Or is she asking her son, “Do you know Newton?” The boy said, “No, I don’t know.” She said to him, “If you had paid attention to your lessons, you would have known him!!” The boy said, “Ok, do you know Ikhlod?” She said to him, “No, who is she?” He said to her, “If you had paid attention to your husband, you would have known her.” The important thing is that the boy is currently a week with his uncles and a week with his turbans.
Principal: “Why did you have to skip class? Because of that detention!” Kid: “Whatever” Principal: Why did you have to swear” Because of that one demerit!” Kid; “Doesn't matter!” Principal: “Why did you yell at a teacher and throw a chair at them? Because of that you're suspended!” Kid: “Oh well!” Principle: “Why did you have to push a kid down the stairs and kill them? Because of that you're expelled!” Kid: “Im try not to kill myself!”
Where do pedophiles go hunting .... Elementary schools
Q: How did the explorers get to school? A: They rode the Colum-bus!
I say 1 2 3 all the kids bullied me but now they're not so cool cuz I shot up the school
like if u hate going to school
teacher * take a seat class * wheelchair person * ive been in the seat*
Grandpa said no phone near the table so I said your not allowed near the school
Orphans can be let away with anything really bad at school Cause they can't be sent home for it
what did the orphans parent say when he got bad grades nothing he doen't have any
What does a cow use in school? A cowculater
Teacher: Hey Timmy (the quiet kid) what comes after x The Quiet kid: splosion Teacher: What comes after A The Quiet kid: K-47 Teacher: faints
Whats the worst place to teach an orphan. Homeschool
Little Johnny was overheard by his mother reciting his homework, “Two plus two, the son of a b*tch is four; four plus four, the son of a b*tch is eight; eight plus eight, the son of a b*tch...; “Johnny!” shouted his mother. “Stop swearing!” “But mom!” Little Johnny protested, “That’s what the teacher taught us! And she said we should recite it till we learned it!” The next day his mother went to the teacher to complain. “No, no.” said the teacher terrified. “That’s not what I taught them. They’re supposed to say: ‘Two plus two, the sum of which is four.'”

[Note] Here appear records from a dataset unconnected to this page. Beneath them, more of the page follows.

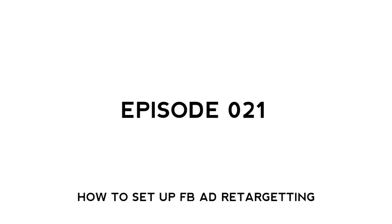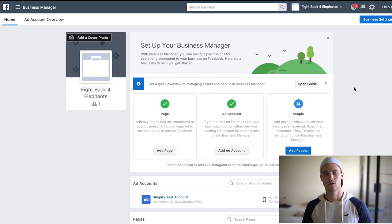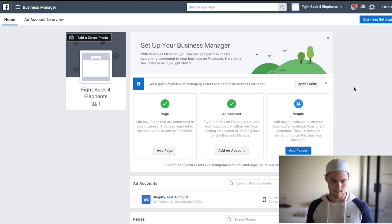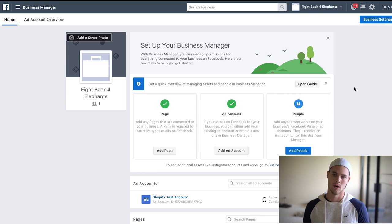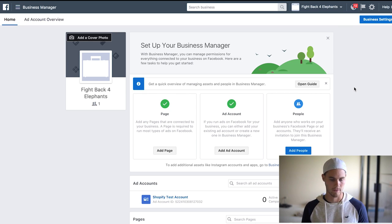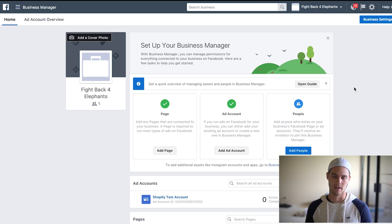Alright guys, so here we are in my Power Editor. Obviously if you don't already have your Business Manager set up, you're gonna have to do that, but you can just do a quick Google search and figure out how to do it — it's pretty easy, just go to Facebook.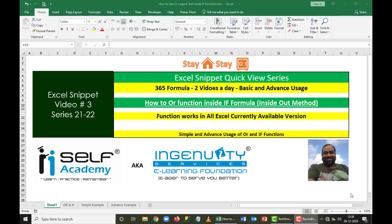Good afternoon everyone, this is Vinod from Excel Snippet. This is our third video in the Excel Snippet Quick View series, and today we are going to see how to work with the OR function as a logical test inside an IF condition.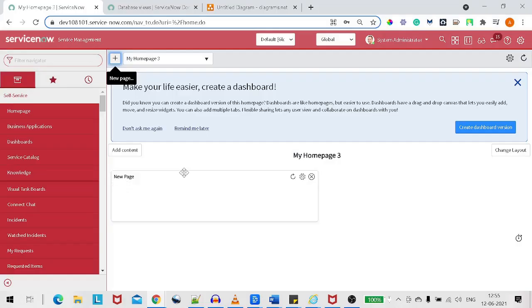Hi all and welcome back. In today's tutorial, we'll be looking at one more topic called database view. We will try to understand what is a database view.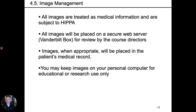Medical images should be treated like any other patient information and are subject to HIPAA. We will place patient care images into EPIC. We will store medical images on Vanderbilt Box. You may keep medical images on your personal computer for educational and research use only.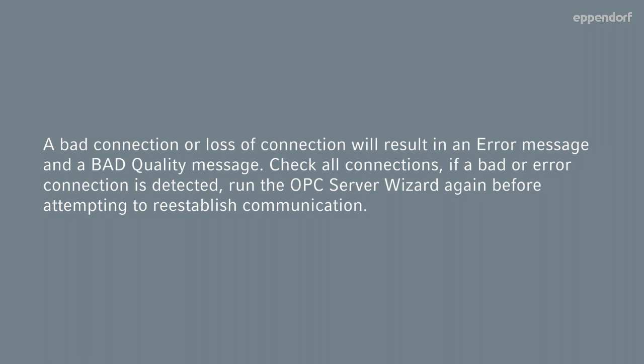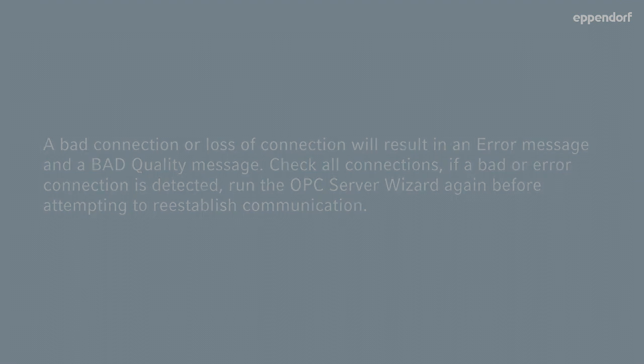Check all connections. If a bad or error connection is detected, run the OPC Server wizard again before attempting to reestablish communication.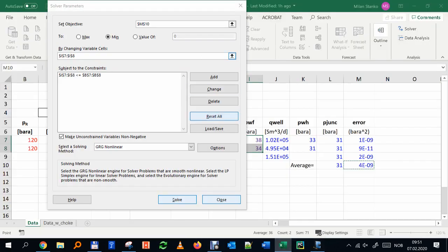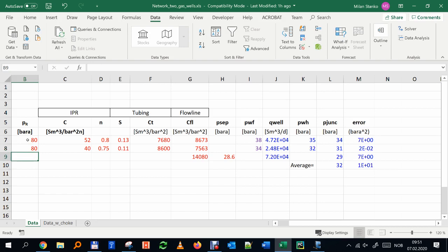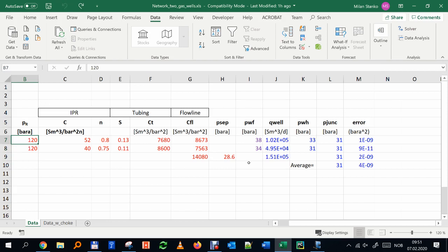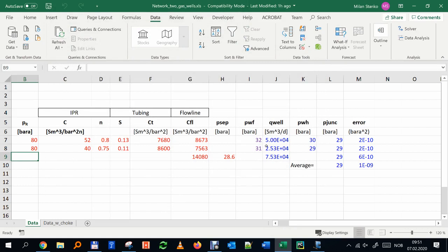Let's test with depletion. If we reduce reservoir pressure to 80, the pressures no longer match automatically. Running Solver again gives us well 1 producing ~50,000 and well 2 ~25,000 — roughly half what they produced before. So as the reservoir depletes, you can produce less and less.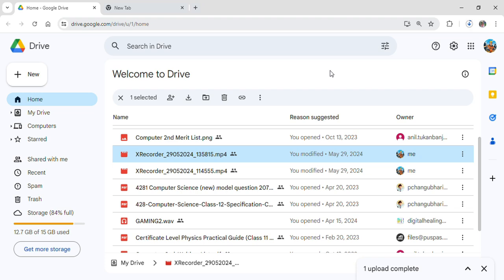After it's done being downloaded, you can see the file will be in your download folder on your PC or laptop. And that is how you can download videos from your Google Drive into your PC.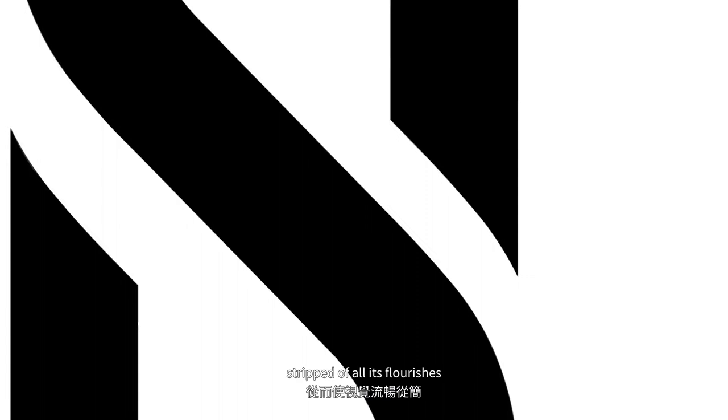The mark considers the curves of a cleft, stripped of all its flourishes, and matched with an extended S to accentuate the infinite fluid lines in motion.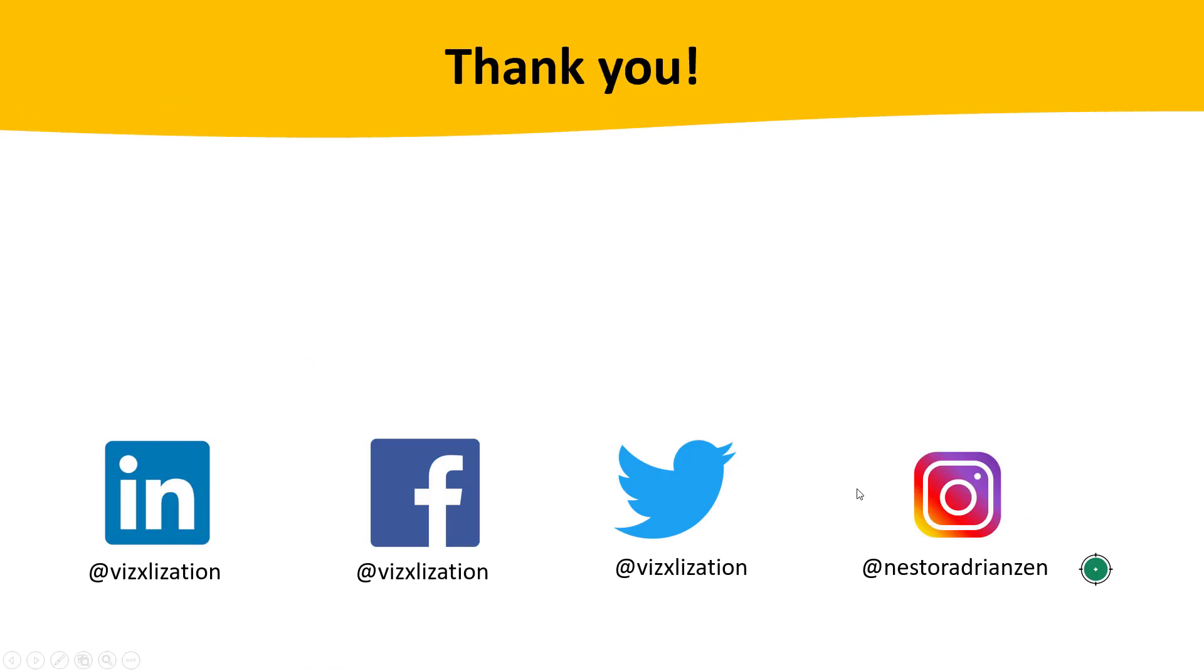All right, guys, that was it. I hope you found this content helpful. If so, please give me a thumbs up, share with your friends. And of course, don't forget to subscribe because you don't want to miss anything. Thank you guys and see you in my next tutorial.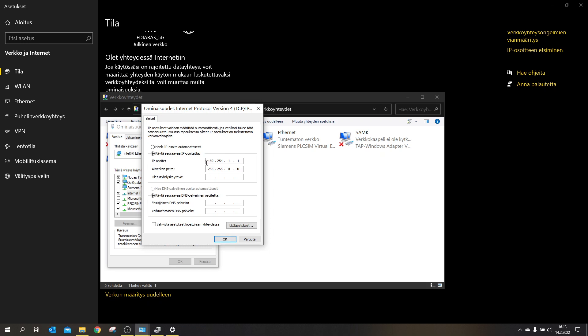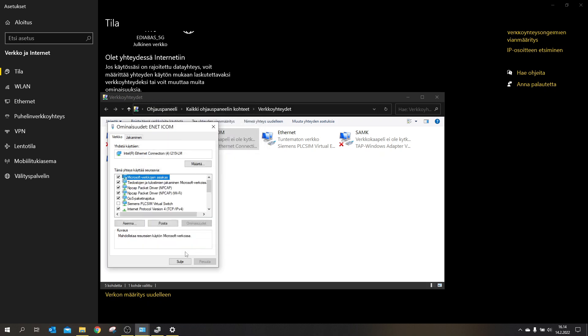And you will type in 169.254.1.51. Then the subnet mask will be automatically typed in. But make sure it is 255.255.0.0. And you can leave these alone. Then you click OK.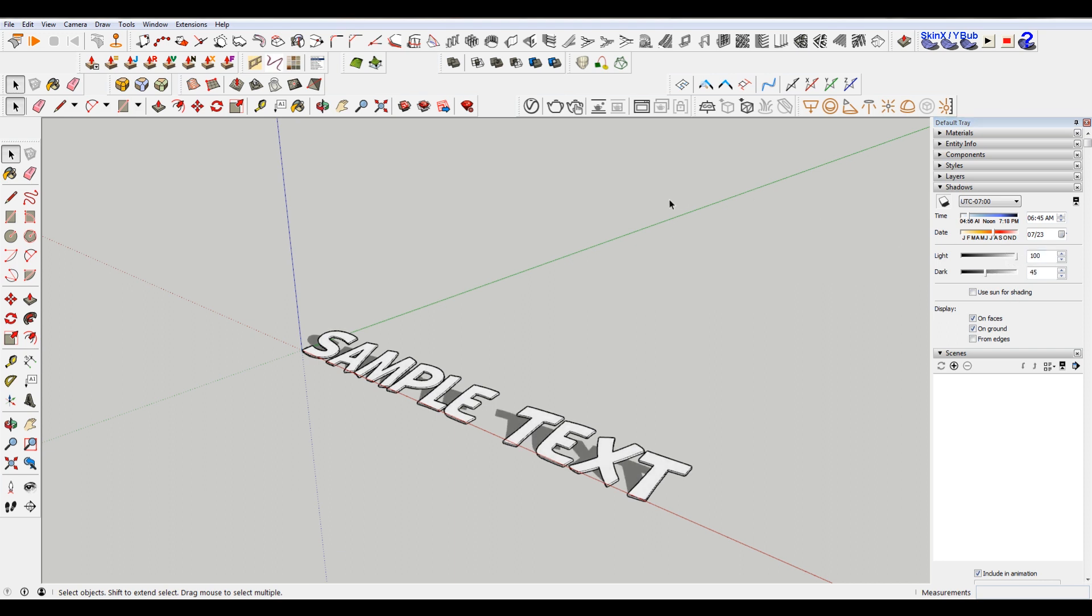Yeah, so hopefully this helped figuring out 3D text or text and rotating it. If you have any questions about this or anything SketchUp related, please don't hesitate to leave them in the comments below. If you like this video, please don't forget to smash that like button, subscribe, and share this video with your friends. And as always, happy hacking.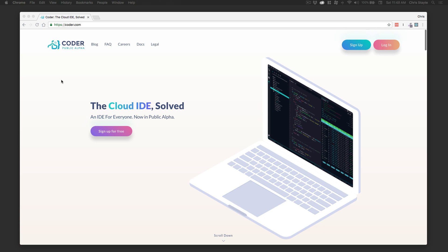Coder.com gives you a full IDE running on Ubuntu Linux 16.04.5 LTS, and it gives you essentially a full container — similar to Docker. The craziest thing about this is it's completely free. This is the public alpha, so it's free and anybody can use it. Eventually they will move to paid plans where you can get more power or capabilities, but for now this is amazing for what we're going to do today.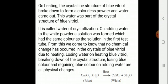The inference drawn from this experiment is that no chemical change occurred upon heating crystals of blue vitriol. The crystalline nature and color of blue vitriol are due to the water of crystallization. On heating, it loses water of crystallization and forms white powder. Only physical changes — such as losing water on heating blue vitriol, breaking down of the crystal structure, losing blue color, and regaining the color on adding water — were observed.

Why can't people in wheelchairs pass high school? The pacer test.
Where can you find the freshest vegetables? A school for the disabled!
Why are history teachers always women? Because they like to bring up the past.
when the school lets you near children again...
So I was doing a project in my class and my teacher asked me to give an example of allusion, which is referencing something else with a word.
So I answered, “Jane 9/11ed her little sisters Jenga kit”
The principles office smells nice
why did the topless woman shout 'stop raping us'?